NNN Reit, Inc.
- Formerly: National Retail Properties, Inc.
- Type: Public company
- Traded as: NYSE: NNN; S&P 400 component;
- Industry: Real estate investment trust
- Founded: October 1984; 41 years ago (as Golden Corral Realty Corp.)
- Headquarters: Orlando, Florida, U.S.
- Key people: Julian E. Whitehurst (CEO & President) Don DeFosset (Chairman) Kevin B. Habicht (CFO)
- Products: Freestanding retail properties
- Revenue: US$0.674 billion (2019)
- Net income: US$0.299 billion (2019)
- Total assets: US$8.500 billion (2019)
- Total equity: US$4.332 billion (2019)
- Number of employees: 70 (2020)
- Website: www.nnnreit.com

= NNN Reit =

(ticker symbol: NNN) a real estate investment trust in the US

NNN Reit, Inc. is a real estate investment trust that invests primarily in restaurant properties that are subject to long-term triple net leases, usually under leaseback arrangements. It is organized in Maryland with its principal office in Orlando, Florida.

As of December 31, 2019, the company owned 3,118 properties containing 32.5 million square feet, 17.6% of the company's revenue was from properties in Texas, and 8.8% of the company's revenue was from properties in Florida.

==History==
The company was formed in 1984 as Golden Corral Realty Corp. as a way for the owners of the Golden Corral restaurant chain to allow employees to invest in the company.

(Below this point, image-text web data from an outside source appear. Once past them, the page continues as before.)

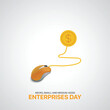 Micro-, Small and Medium-sized Enterprises Day creative ads design. june 27, vector, illustration, 3d
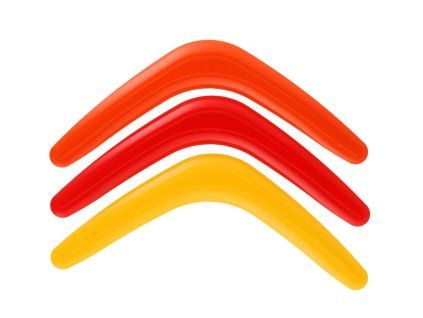 Bumerang plast 28cm 3 farby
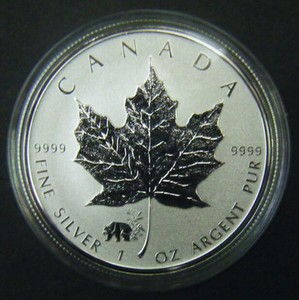 2017 Canada $5 1oz Chinese Panda Privy Mark Silver Maple Leaf Bullion coin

In 1993, the company split from Golden Corral, and changed its name to Commercial Net Lease Realty. The company also moved its listing to the New York Stock Exchange.

On January 1, 1998, the company merged with its former external adviser, CNL Realty Advisor Inc., and became a self-advised, self-managed REIT.

In February 2004, Craig Macnab was named chief executive officer of the company. In May 2004, he was also named president.

In 2005, the company acquired National Properties Corporation for $61 million.

In May 2006, the company changed its name to National Retail Properties, Inc.

In 2015, the company acquired 19 Frisch's restaurants in the Cincinnati, Ohio area for $47 million in a leaseback transaction. Eventually, they acquired the majority of the restaurants.

In April 2017, Craig Macnab retired and Jay Whitehurst became CEO & President of the company.